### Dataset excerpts
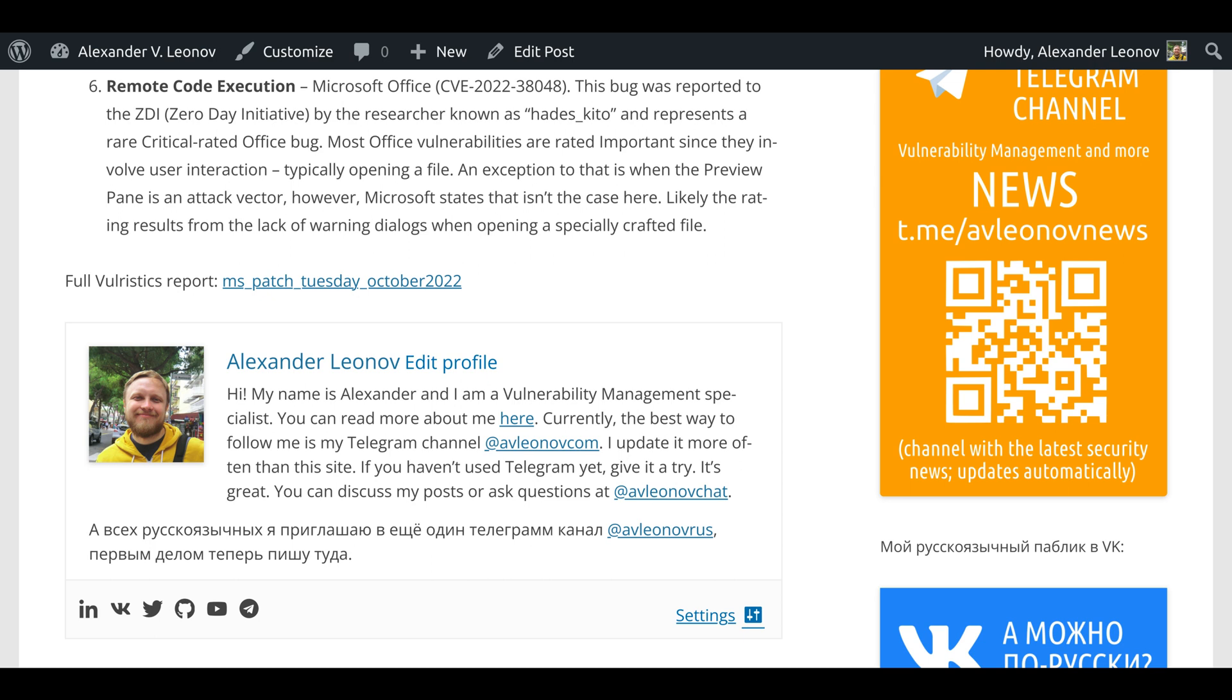The link to the full Vulristics report is available in the blog post. And this is it for today. Please subscribe and leave your comments. Bye!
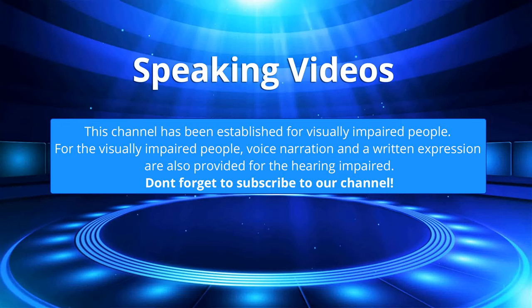This channel has been established for visually impaired people. For the visually impaired people, voice narration and a written expression are also provided for the hearing impaired. Don't forget to subscribe to our channel.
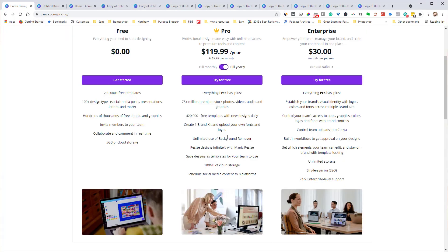So that about covers it. The big advantages of the pro account are the vastly expanded library of graphics and templates, the background remover — a really handy tool when you want to isolate a subject from a photo — and the Magic Resize tool, which saves you a lot of time. If you want to try it, use the link below for a free 45-day trial of the pro account and see if it makes sense for you. Thanks for watching — I'm Greg, and I'll see you next time.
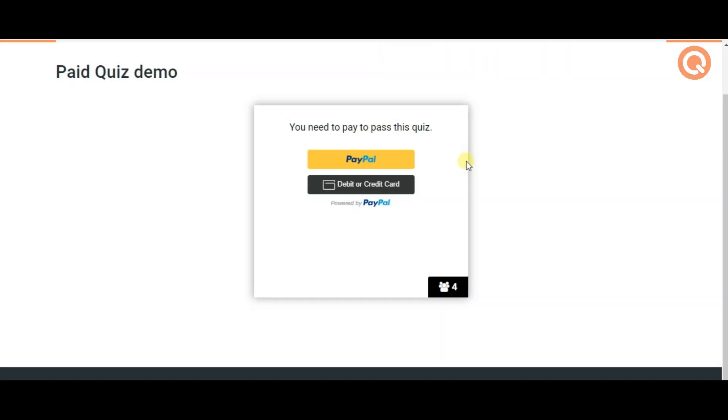Hi everyone! Today I'm going to introduce you how to create paid quizzes on WordPress.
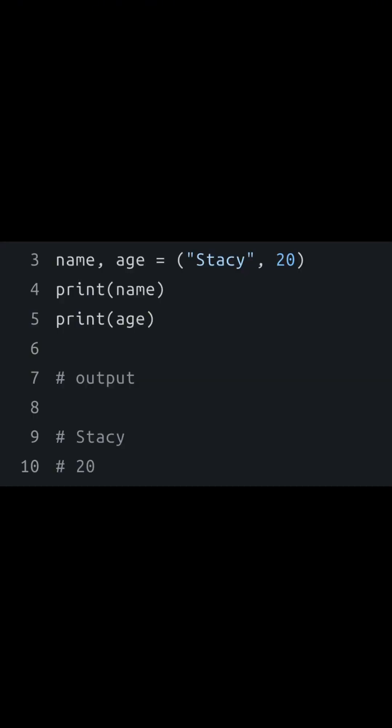For example, Stacy is 20 years old. If we don't want Stacy's name or age to change, then a tuple is our best option.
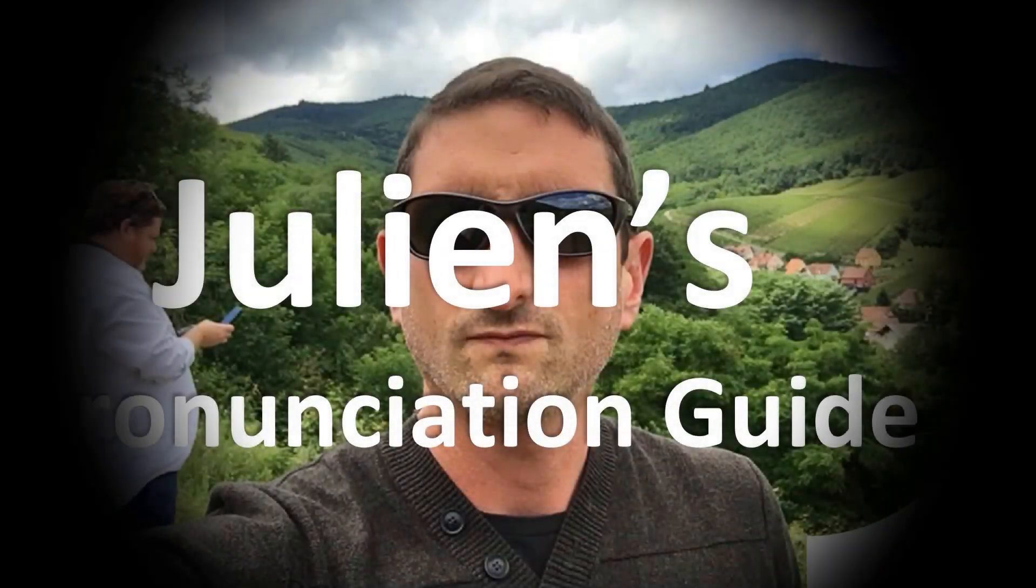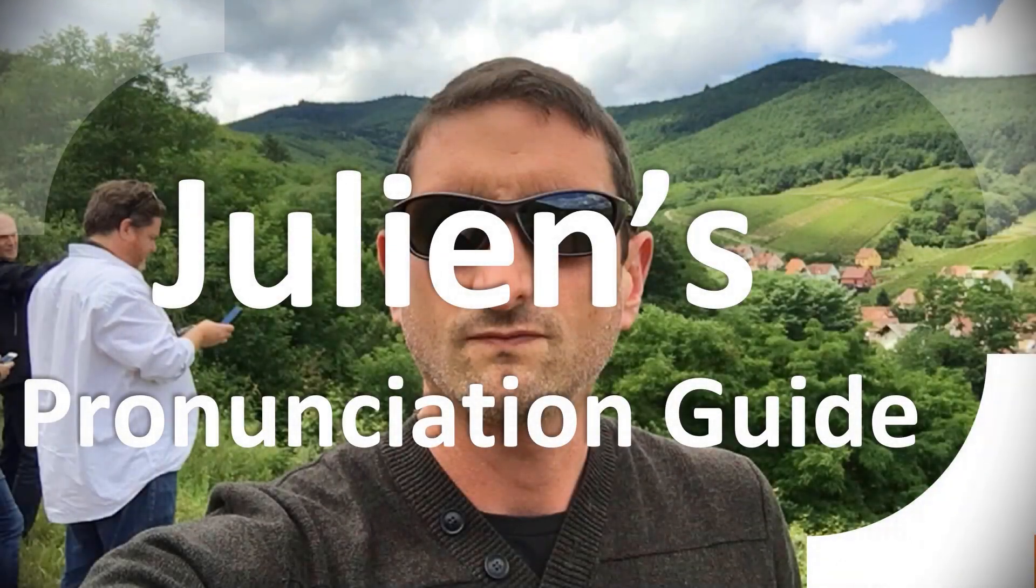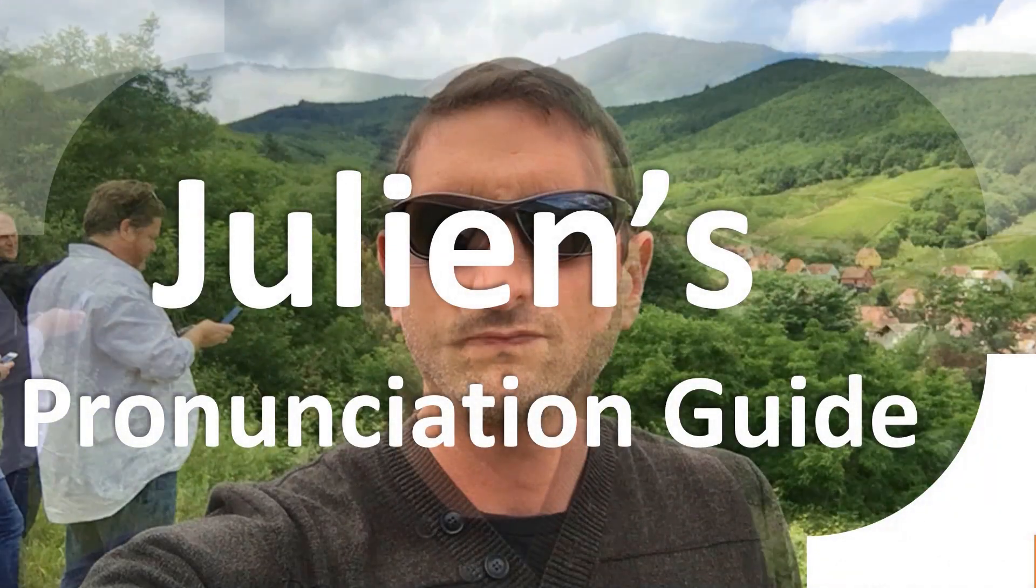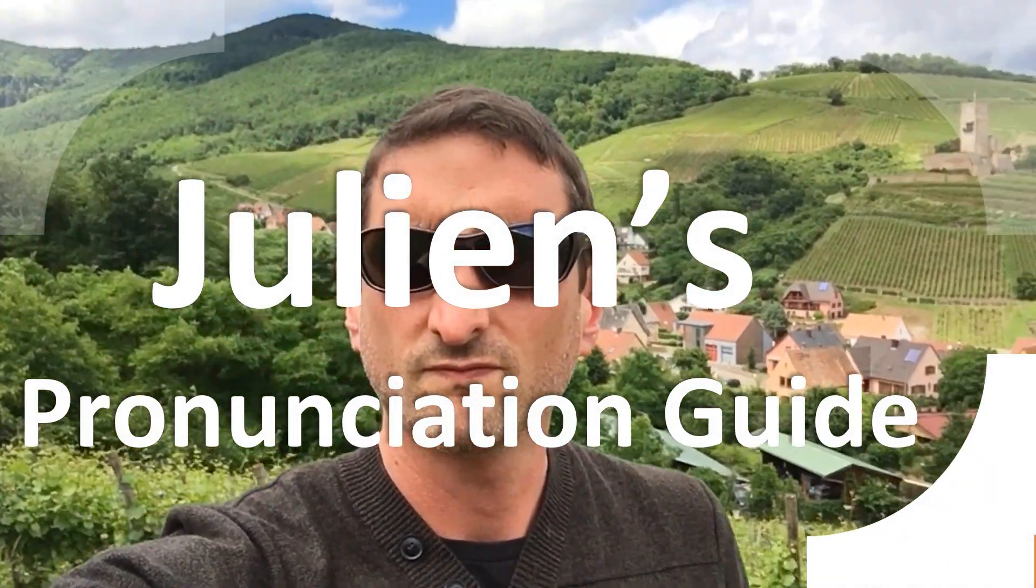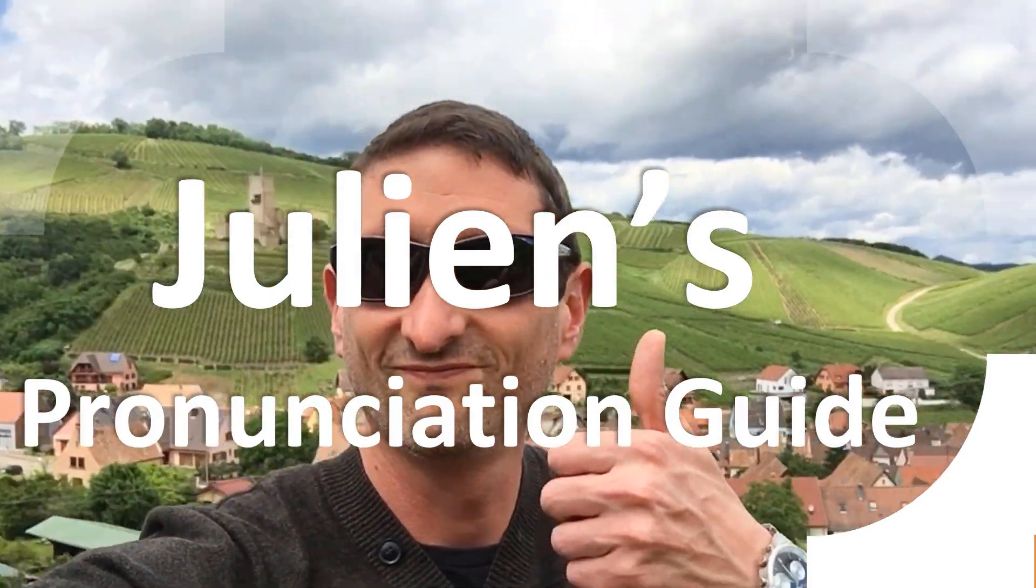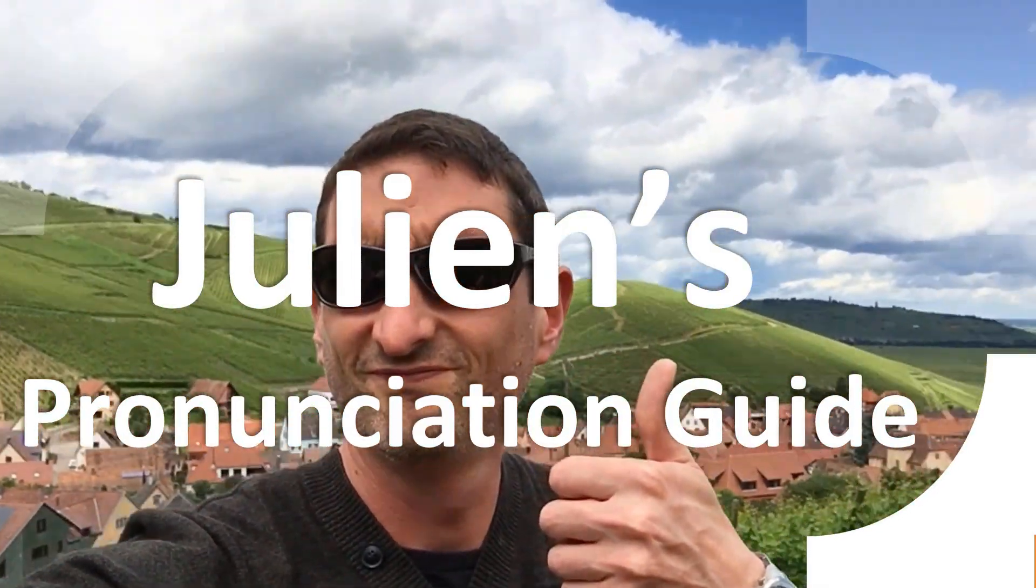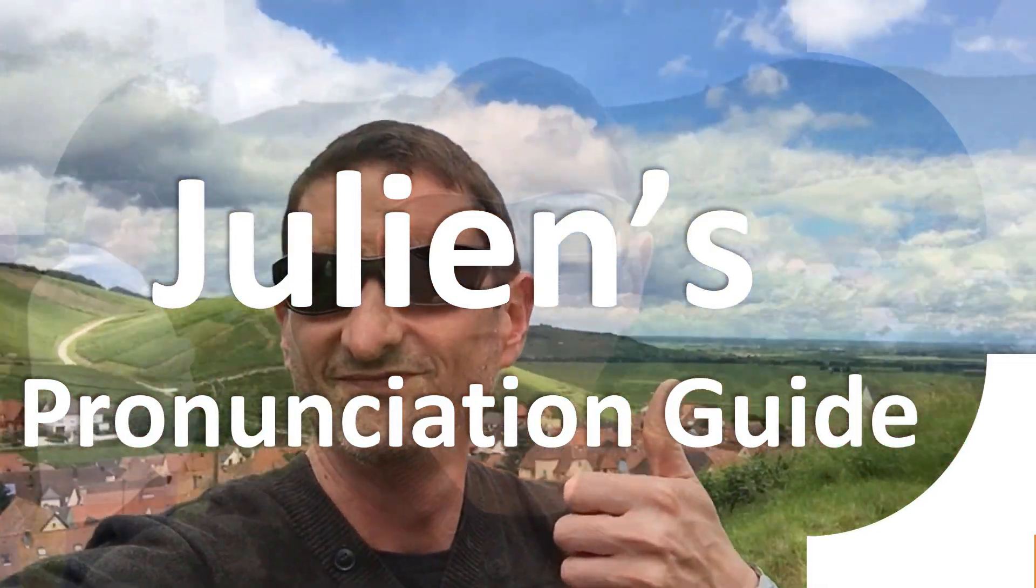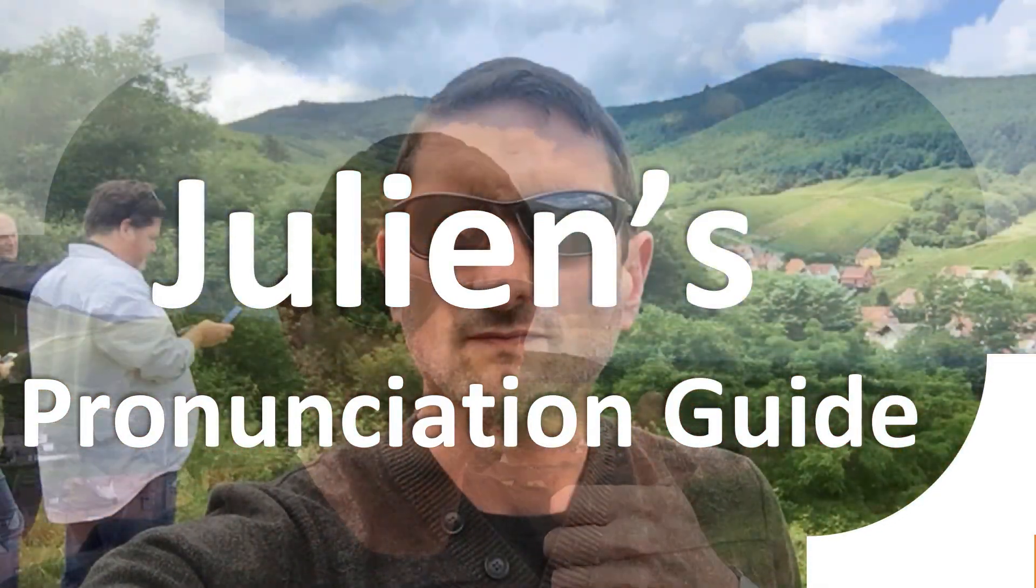You are looking at Julian's pronunciation guide, where we look at how to pronounce better some of the most mispronounced words in the world, like this other curious word.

### The task
For each entry, copy the text exactly and leave out any image it carries.

### Result of this exercise
The link to the full Vulristics report is available in the blog post. And this is it for today. Please subscribe and leave your comments. Bye!
This channel has been established for visually impaired people. For the visually impaired people, voice narration and a written expression are also provided for the hearing impaired. Don't forget to subscribe to our channel.
So that about covers it. The big advantages of the pro account are the vastly expanded library of graphics and templates, the background remover — a really handy tool when you want to isolate a subject from a photo — and the Magic Resize tool, which saves you a lot of time. If you want to try it, use the link below for a free 45-day trial of the pro account and see if it makes sense for you. Thanks for watching — I'm Greg, and I'll see you next time.
Hi everyone! Today I'm going to introduce you how to create paid quizzes on WordPress.
For example, Stacy is 20 years old. If we don't want Stacy's name or age to change, then a tuple is our best option.
You are looking at Julian's pronunciation guide, where we look at how to pronounce better some of the most mispronounced words in the world, like this other curious word.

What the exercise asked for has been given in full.